La seconda vita del pilota Yamaha: "Lottare per il titolo con l’amico Bulega è una soddisfazione anche perché la Yamaha che guido, per quanto competitiva, è svantaggiata rispetto alle NG"
Il tuo rendimento e l’età, ancora piuttosto giovane per il mondo delle derivate, ti inducono a puntare al salto in Superbike?
“Chiaramente mi piacerebbe molto, ma nel frattempo vorrei almeno godere della possibilità di svolgere un test vero e proprio, visto che al momento ho guidato una 1000 soltanto in allenamento e in configurazione Stock. Sono molto curioso di scoprire se il mio stile di guida si possa sposare con moto più grandi e potenti. Lo dico anche per ragioni di stazza: sulla Supersport non sto male, ma essendo abbastanza alto, forse su una Superbike mi troverei immediatamente a mio agio”.
Il passaggio dal paddock del Motomondiale a quello delle derivate, invece, com’è stato?
“A me non ha dato alcun problema, anzi, come ambiente preferisco di gran lunga quello della Superbike.

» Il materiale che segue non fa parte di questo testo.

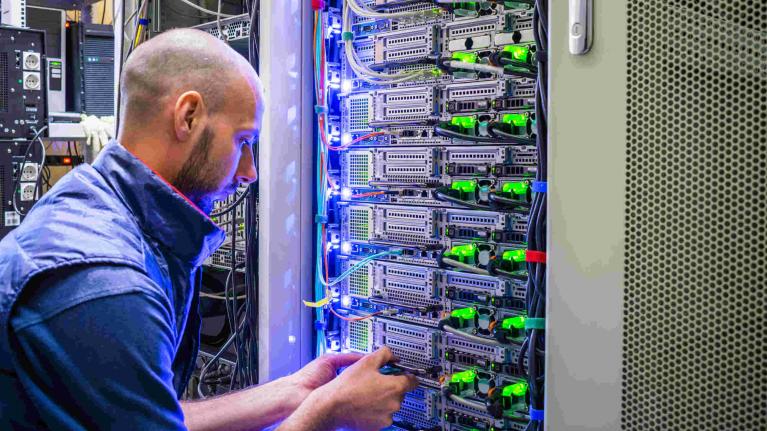 Remote Hands Technician in Dallas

Dall’altra parte non è sempre facile trovarsi a proprio agio, mentre qui posso essere me stesso ed è un fattore che apprezzo. Il problema è che, con tutti i piloti che stanno compiendo questo passaggio, ci stiamo avvicinando a una situazione simile a quella del Motomondiale, con il rischio che il tutto diventi meno piacevole”.
Questo salto per te non è stato un passo indietro, ma un’opportunità per tornare al top...
“Esatto. Purtroppo, molte persone vedono ancora il paddock della Superbike come una sorta di serie B rispetto ai prototipi, ma per me non è assolutamente così e il passaggio dalla Moto2 alla Supersport non va letto come un salto indietro. Si tratta di campionati differenti, ma sono entrambi campionati mondiali e come tali vanno trattati con rispetto. Io vedo questo step verso le derivate come una grande occasione di rilancio per la mia carriera e credo che i risultati stiano dimostrando che è stata compiuta la scelta giusta. Ora non ci resta che continuare a vincere”.